Dataset records
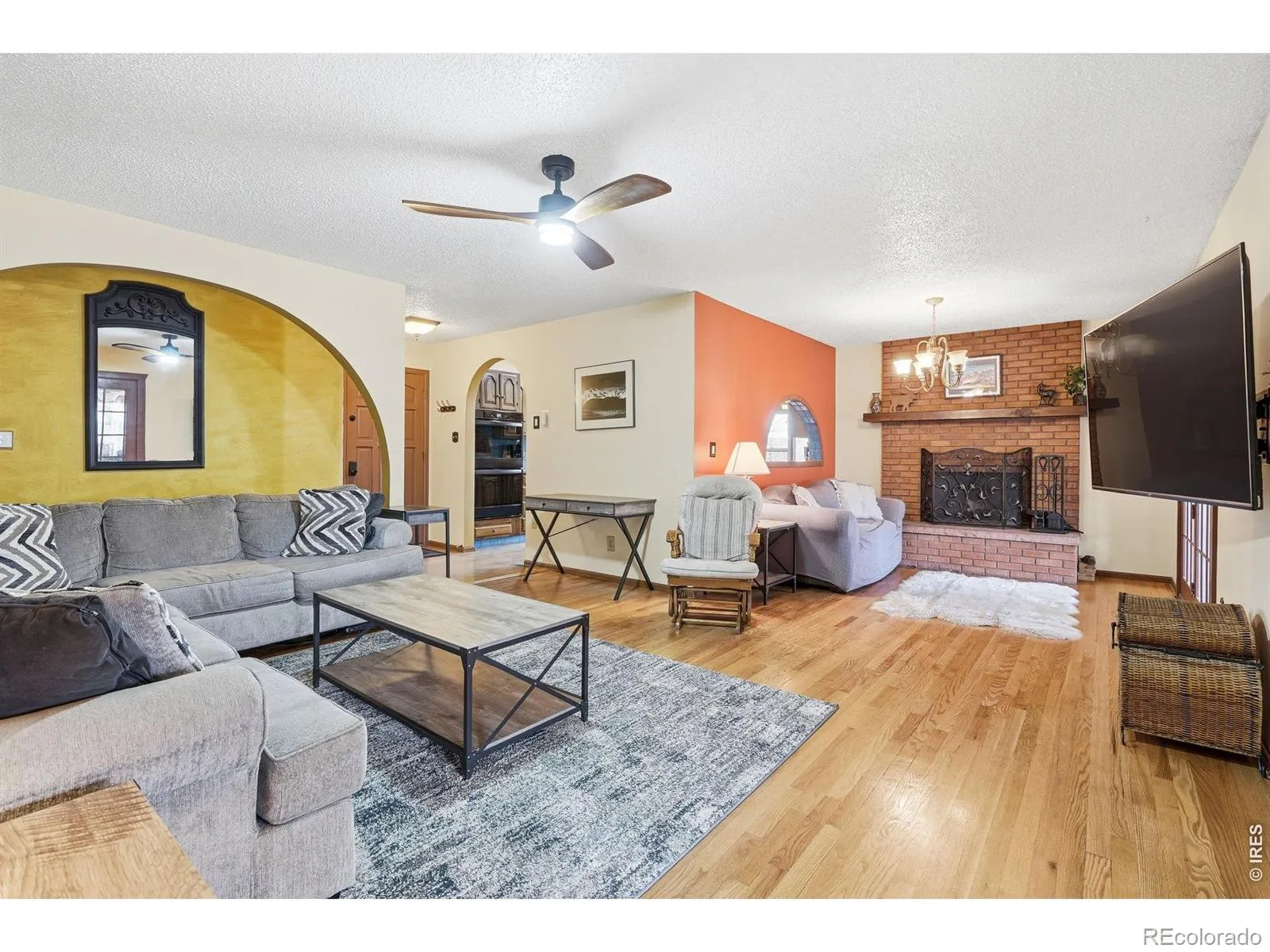 11 James Circle Longmont CO 80501 MLS #RECIR1056207 04252026234906 1600 9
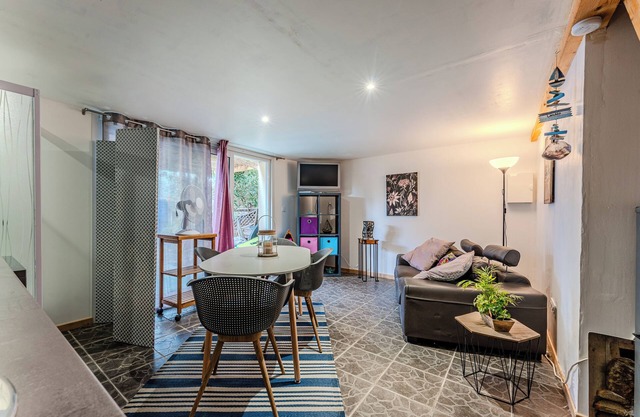 Apartment "Duplex À Deux Pas De L'océan" with Private Terrace, Wi-Fi and Air Conditioning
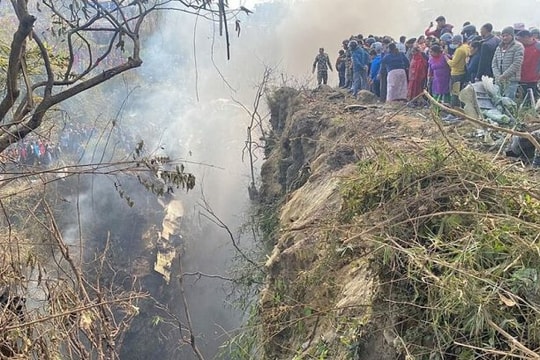 Rơi máy bay ở Nepal, ít nhất 67 người thiệt mạng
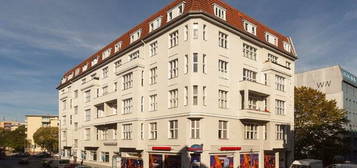 Top gepflegte Dachgeschoss-Wohnung nahe Schloss-Charlottenburg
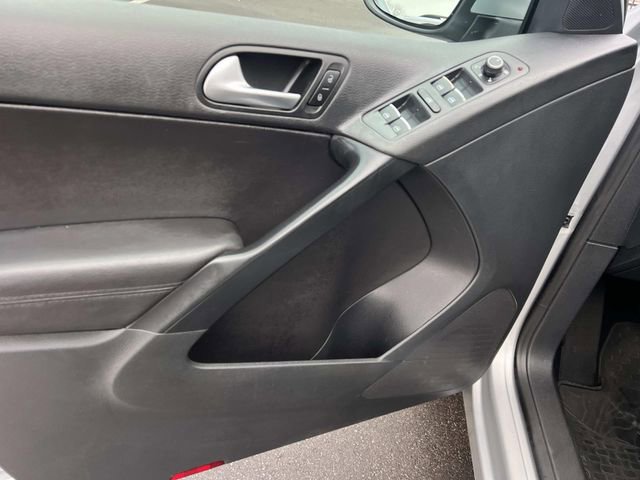 Used 2017 Volkswagen Tiguan Wolfsburg Edition image 14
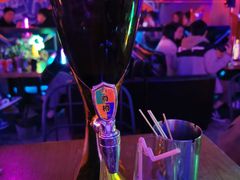 -UP嘻哈酒吧(粉巢店)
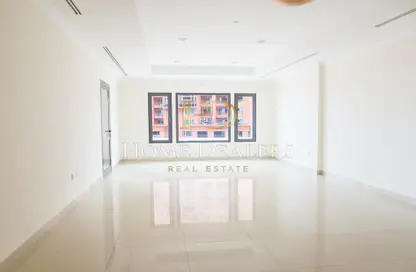 Apartment - 2 Bedrooms - 3 Bathrooms for sale in West Porto Drive - Porto Arabia - The Pearl Island - Doha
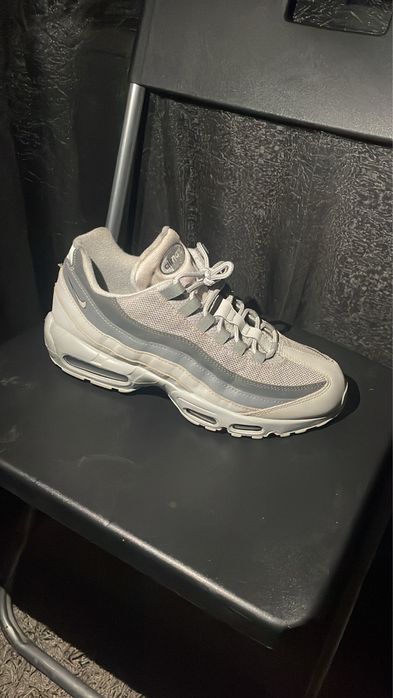 Air max 95 em bom estado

◆ **WHAT TO WORK ON**
Write out exactly the lines from the line holding "and Air Conditioning" through the last line of the records above, inclusive, and nothing more. Leave out the pictures.

◆ **RESULT OF THE EXERCISE**
 Apartment "Duplex À Deux Pas De L'océan" with Private Terrace, Wi-Fi and Air Conditioning
 Rơi máy bay ở Nepal, ít nhất 67 người thiệt mạng
 Top gepflegte Dachgeschoss-Wohnung nahe Schloss-Charlottenburg
 Used 2017 Volkswagen Tiguan Wolfsburg Edition image 14
 -UP嘻哈酒吧(粉巢店)
 Apartment - 2 Bedrooms - 3 Bathrooms for sale in West Porto Drive - Porto Arabia - The Pearl Island - Doha
 Air max 95 em bom estado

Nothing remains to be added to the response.